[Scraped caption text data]
● ● ●

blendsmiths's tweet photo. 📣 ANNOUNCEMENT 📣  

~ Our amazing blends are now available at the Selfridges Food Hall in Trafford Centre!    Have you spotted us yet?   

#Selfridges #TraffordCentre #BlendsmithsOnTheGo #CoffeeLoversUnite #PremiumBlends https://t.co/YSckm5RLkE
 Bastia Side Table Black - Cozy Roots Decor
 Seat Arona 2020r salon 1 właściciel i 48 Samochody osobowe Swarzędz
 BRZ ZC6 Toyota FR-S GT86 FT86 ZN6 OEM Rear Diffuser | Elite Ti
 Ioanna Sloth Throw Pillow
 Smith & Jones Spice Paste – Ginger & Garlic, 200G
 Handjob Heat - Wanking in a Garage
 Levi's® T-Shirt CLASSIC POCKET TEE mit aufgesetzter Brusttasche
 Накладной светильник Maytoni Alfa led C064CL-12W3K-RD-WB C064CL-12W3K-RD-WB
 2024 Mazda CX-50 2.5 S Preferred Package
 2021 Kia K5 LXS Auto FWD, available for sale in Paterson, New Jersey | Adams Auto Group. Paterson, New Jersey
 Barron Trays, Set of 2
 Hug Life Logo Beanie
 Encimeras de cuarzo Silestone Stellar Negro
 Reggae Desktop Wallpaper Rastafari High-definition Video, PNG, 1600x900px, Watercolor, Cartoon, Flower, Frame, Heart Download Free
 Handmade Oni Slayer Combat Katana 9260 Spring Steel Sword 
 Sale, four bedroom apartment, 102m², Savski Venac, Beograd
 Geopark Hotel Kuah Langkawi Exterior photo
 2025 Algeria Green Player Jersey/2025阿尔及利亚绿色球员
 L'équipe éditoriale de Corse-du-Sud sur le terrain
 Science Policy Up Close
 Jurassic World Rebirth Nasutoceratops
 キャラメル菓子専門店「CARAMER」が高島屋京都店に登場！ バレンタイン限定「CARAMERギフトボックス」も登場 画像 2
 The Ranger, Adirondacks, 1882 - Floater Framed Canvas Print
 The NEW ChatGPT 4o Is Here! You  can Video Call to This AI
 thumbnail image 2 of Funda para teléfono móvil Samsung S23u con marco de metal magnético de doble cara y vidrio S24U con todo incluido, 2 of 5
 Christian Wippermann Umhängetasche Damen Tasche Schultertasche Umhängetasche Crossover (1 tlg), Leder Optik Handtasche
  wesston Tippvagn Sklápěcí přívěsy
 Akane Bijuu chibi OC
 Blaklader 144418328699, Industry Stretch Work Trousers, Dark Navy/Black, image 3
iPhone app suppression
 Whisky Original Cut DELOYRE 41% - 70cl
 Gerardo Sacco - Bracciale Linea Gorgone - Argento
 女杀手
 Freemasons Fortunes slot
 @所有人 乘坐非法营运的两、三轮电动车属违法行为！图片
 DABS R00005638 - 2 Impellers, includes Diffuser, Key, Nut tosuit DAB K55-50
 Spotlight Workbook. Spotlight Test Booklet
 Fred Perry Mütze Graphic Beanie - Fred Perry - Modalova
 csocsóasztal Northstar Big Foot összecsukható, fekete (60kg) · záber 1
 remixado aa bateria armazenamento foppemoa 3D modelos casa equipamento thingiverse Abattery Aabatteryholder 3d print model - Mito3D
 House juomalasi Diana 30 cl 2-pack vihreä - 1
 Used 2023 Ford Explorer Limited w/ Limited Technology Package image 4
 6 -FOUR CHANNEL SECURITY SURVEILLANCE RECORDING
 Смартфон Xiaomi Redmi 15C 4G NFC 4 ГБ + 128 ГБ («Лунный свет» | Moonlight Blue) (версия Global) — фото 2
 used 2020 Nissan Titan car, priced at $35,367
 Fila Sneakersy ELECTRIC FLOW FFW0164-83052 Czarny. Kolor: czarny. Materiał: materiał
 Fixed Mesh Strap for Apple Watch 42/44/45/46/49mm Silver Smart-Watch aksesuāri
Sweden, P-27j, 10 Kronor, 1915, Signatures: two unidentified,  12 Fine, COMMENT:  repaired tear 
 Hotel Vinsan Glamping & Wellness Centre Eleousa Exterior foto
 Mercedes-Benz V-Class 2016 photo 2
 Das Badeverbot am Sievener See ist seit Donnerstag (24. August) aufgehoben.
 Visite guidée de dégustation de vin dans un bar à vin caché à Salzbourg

● ● ●

Could you retype exactly the lines above, starting at the line that contains "Bastia Side Table Black - Cozy Roots Decor" and ending at the line that contains "Jurassic World Rebirth Nasutoceratops", and nothing more?

 Bastia Side Table Black - Cozy Roots Decor
 Seat Arona 2020r salon 1 właściciel i 48 Samochody osobowe Swarzędz
 BRZ ZC6 Toyota FR-S GT86 FT86 ZN6 OEM Rear Diffuser | Elite Ti
 Ioanna Sloth Throw Pillow
 Smith & Jones Spice Paste – Ginger & Garlic, 200G
 Handjob Heat - Wanking in a Garage
 Levi's® T-Shirt CLASSIC POCKET TEE mit aufgesetzter Brusttasche
 Накладной светильник Maytoni Alfa led C064CL-12W3K-RD-WB C064CL-12W3K-RD-WB
 2024 Mazda CX-50 2.5 S Preferred Package
 2021 Kia K5 LXS Auto FWD, available for sale in Paterson, New Jersey | Adams Auto Group. Paterson, New Jersey
 Barron Trays, Set of 2
 Hug Life Logo Beanie
 Encimeras de cuarzo Silestone Stellar Negro
 Reggae Desktop Wallpaper Rastafari High-definition Video, PNG, 1600x900px, Watercolor, Cartoon, Flower, Frame, Heart Download Free
 Handmade Oni Slayer Combat Katana 9260 Spring Steel Sword 
 Sale, four bedroom apartment, 102m², Savski Venac, Beograd
 Geopark Hotel Kuah Langkawi Exterior photo
 2025 Algeria Green Player Jersey/2025阿尔及利亚绿色球员
 L'équipe éditoriale de Corse-du-Sud sur le terrain
 Science Policy Up Close
 Jurassic World Rebirth Nasutoceratops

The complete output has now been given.